If I had a nickel every time someone said I should work with politicians, I’d be able to buy a coffee. And not just a plain coffee, no. One of those double mocha, skinny cappuccinos with an extra shot of espresso and with chocolate sprinkles on top kind. Yup. I get asked it a lot!
I reached out to my colleagues at Trust Across America and got great advice. If we want to improve the political climate, then we have to look at the trustworthiness of the people who are in politics. It’s difficult to overhaul the whole system, but maybe we can start demanding that every politician adheres to a code of conduct that has as its top value TRUST!
With permission from Barbara Brooks Kimmel of Trust Across America, I am posting a quick quiz that is available on their website. I wonder what it would be like if we could get every politician to answer this honestly?
*** Warning your degree of honesty and vulnerability may affect your score***
Give yourself ten points for every “yes” answer below:
- Do I understand that trust is not a soft skill and that it has tangible value?
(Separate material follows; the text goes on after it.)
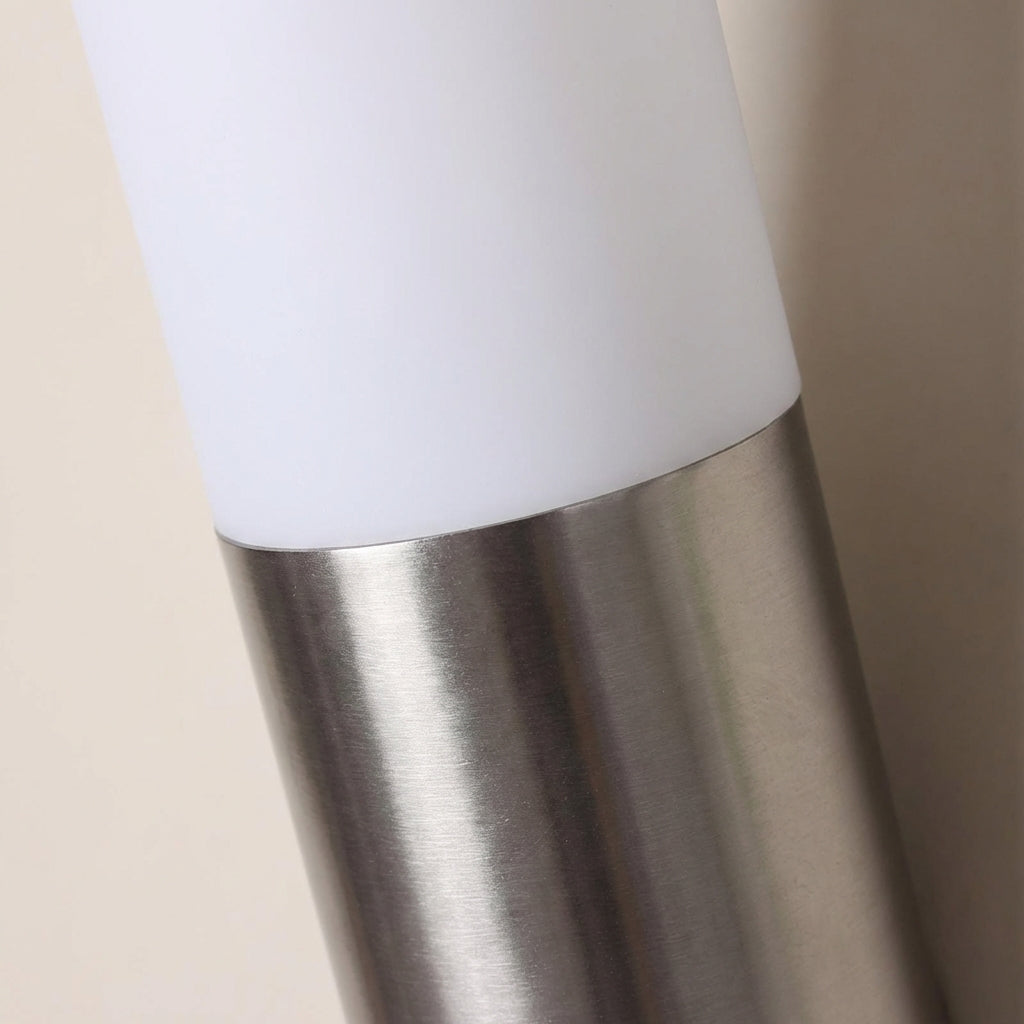 Contemporary weatherproof LED wall light with integrated motion sensor, perfect for modern home exteriors.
- Have I thought about what it means to be trustworthy in both my personal life and my professional life?
- Is trust mentioned in my company’s core values, and do I practice and reinforce those values daily?
- Do I understand that trust is the outcome of principled behavior, and have I identified the behavioral weaknesses?
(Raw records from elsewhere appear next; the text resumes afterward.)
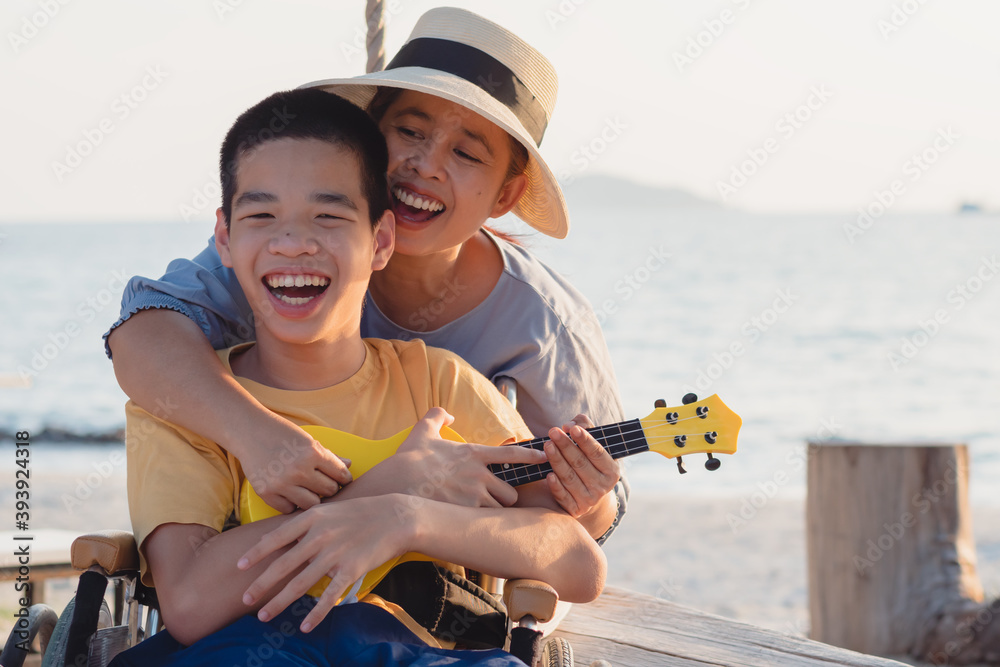 Asian special child on wheelchair is singing, playing ukulele happily ...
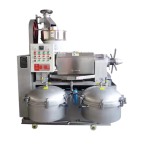 High-capacity screw oil press processing peanuts and sesame.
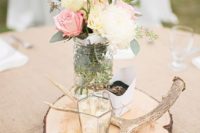 16 a rustic centerpiece with antlers, a candle holder, pastel and neutral blooms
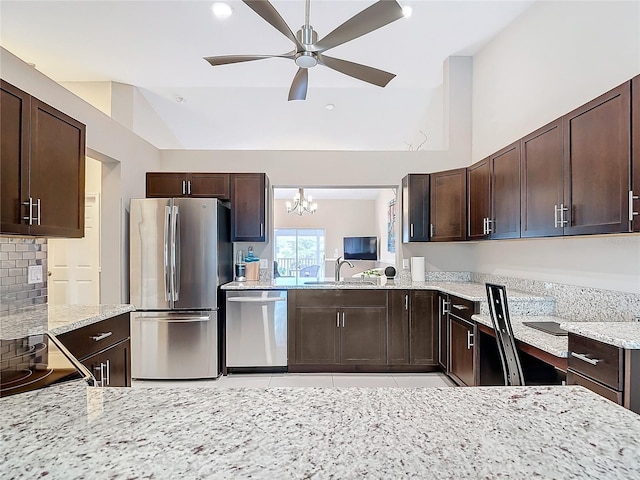 kitchen with ceiling fan with notable chandelier, sink, vaulted ceiling, light stone countertops, and appliances with stainless steel finishes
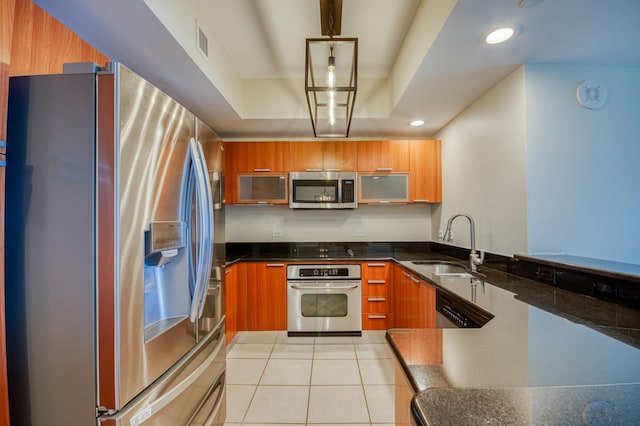 kitchen featuring appliances with stainless steel finishes, modern cabinets, a sink, and brown cabinets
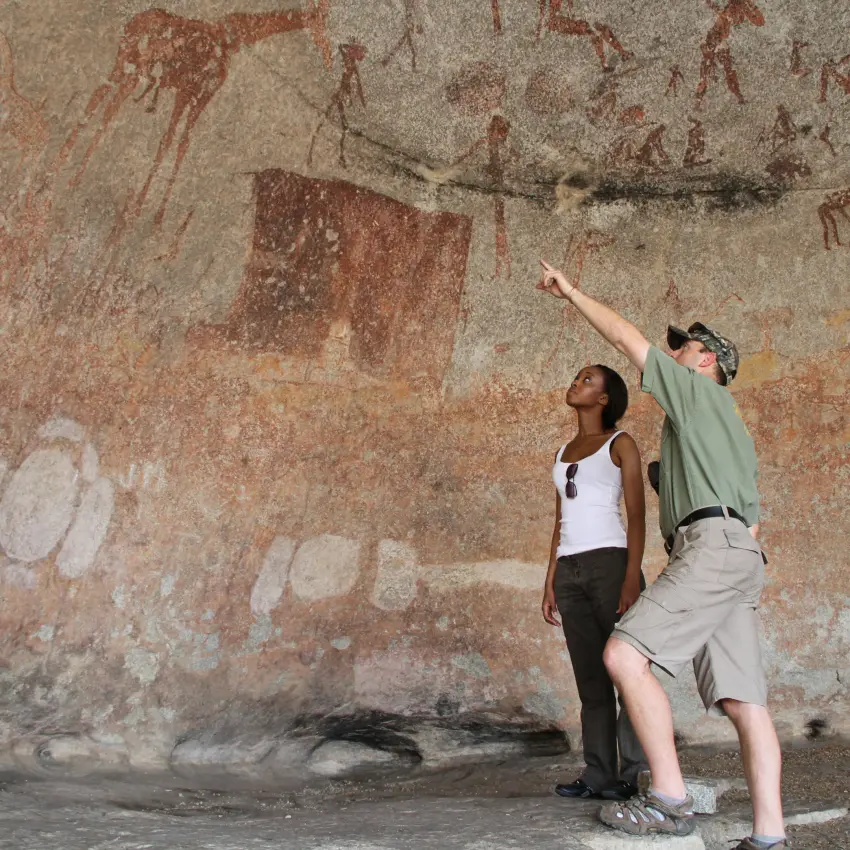 Guests examining ancient rock art on stone wall, Amalinda Lodge, Matobo, Zimbabwe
- Do I understand that trust cannot be delegated and that low trust is a real risk?
- Have I asked my employees and other stakeholders if they think I am trustworthy?
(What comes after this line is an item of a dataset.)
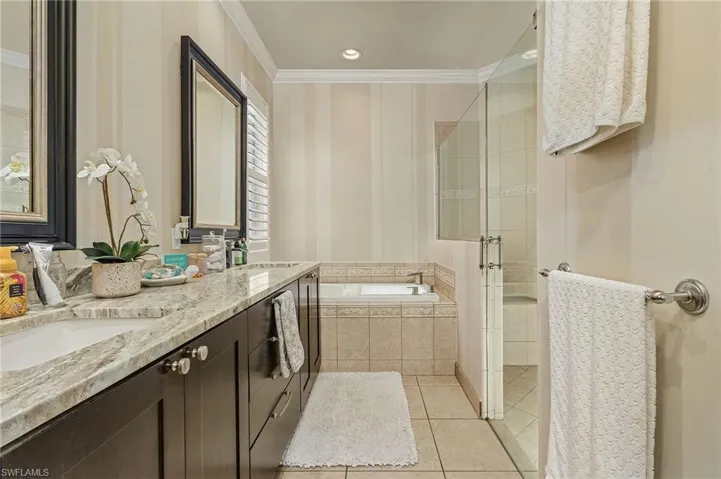 Bathroom featuring tile floors, ornamental molding, separate shower and tub, and double vanity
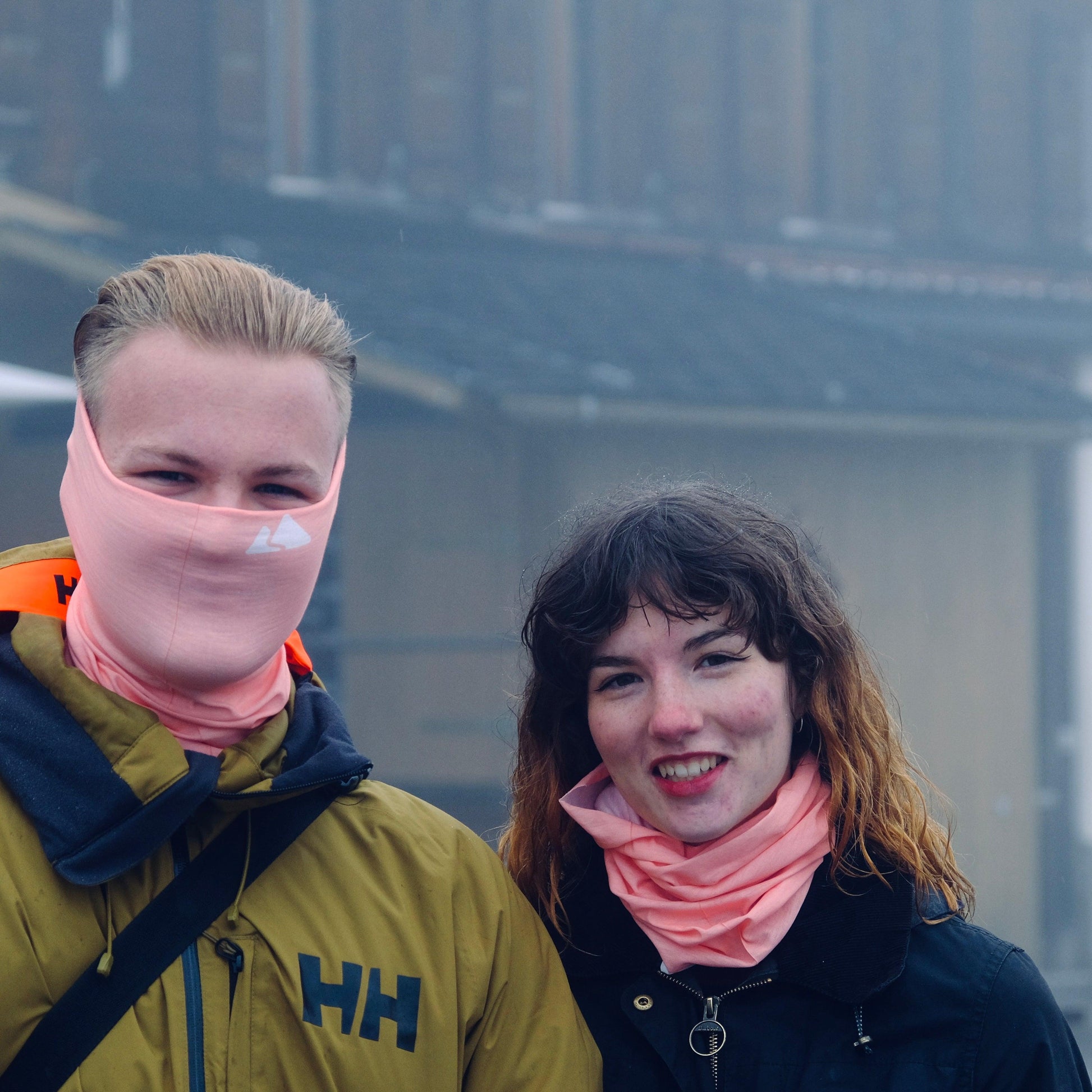 Neck buff gaiter displayed in a male and female model. With a white mountain logo. Blush Peach colour.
- Do I understand that trust is a learned competence, and have I budgeted for trust training for both my leadership team and my staff?
- Do I directly engage my employees and my customers in conversations about trust?
- Do I catch employees doing something right and reward ethical behavior?
- Does trust play a role in my hiring practices?
Now, how about you? Did you do the quiz? How did you score? Trust starts with the individual.